Studies have also examined the relationship between childhood abuse and the experience of specific positive symptoms, many of which point to an association between sexual abuse and hallucinations (for review see McCarthy-Jones, 2011 (37)). Shevlin et al (7) found that neglect, rape, and molestation all significantly increased an individuals’ risk for visual hallucinations, while childhood rape and molestation increased the risk of experiencing auditory hallucinations. In a sample of bipolar disorder patients, Hammersley et al (11) found that individuals who had experienced childhood sexual abuse were significantly more likely to report auditory hallucinations than those who had not. Finally, in a group of non-psychotic disordered individuals who experienced auditory-visual hallucinations, psychotic disorder patients who experienced auditory-visual hallucinations, and healthy control subjects, Daahlman et al (10) found higher rates of childhood sexual and emotional abuse in both cohorts of individuals who hallucinated, regardless of disease status.
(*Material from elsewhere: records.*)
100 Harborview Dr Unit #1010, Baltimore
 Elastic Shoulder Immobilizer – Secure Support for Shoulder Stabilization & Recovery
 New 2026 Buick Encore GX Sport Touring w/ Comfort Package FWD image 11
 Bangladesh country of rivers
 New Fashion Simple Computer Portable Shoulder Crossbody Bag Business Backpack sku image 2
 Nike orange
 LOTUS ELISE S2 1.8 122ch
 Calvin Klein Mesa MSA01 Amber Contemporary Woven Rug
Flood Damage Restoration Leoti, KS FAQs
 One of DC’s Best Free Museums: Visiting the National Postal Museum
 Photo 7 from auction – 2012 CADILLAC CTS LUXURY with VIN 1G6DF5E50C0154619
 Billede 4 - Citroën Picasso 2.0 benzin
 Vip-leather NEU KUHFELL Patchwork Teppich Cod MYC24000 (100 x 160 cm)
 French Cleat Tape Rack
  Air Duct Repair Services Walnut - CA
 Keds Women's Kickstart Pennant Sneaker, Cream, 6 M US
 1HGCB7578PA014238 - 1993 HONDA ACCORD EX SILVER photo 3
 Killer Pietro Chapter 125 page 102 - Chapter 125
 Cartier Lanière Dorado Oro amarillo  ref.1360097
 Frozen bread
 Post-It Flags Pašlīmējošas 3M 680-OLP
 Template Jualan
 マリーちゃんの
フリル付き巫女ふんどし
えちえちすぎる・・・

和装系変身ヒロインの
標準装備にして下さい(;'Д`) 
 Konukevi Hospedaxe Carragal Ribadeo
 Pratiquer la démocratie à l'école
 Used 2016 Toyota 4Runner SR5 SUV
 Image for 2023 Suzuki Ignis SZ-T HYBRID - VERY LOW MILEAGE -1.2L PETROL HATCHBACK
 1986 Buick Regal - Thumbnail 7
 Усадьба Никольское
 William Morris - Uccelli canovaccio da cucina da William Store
This provided evidence for childhood trauma as a specific risk factor for the development of auditory-visual hallucinations. Our current findings add to this literature and support previous proposals of a specific link between childhood abuse and auditory hallucinations, with evidence for childhood sexual abuse as a particular risk factor.

Why might an association between childhood sexual abuse and auditory hallucinations exist?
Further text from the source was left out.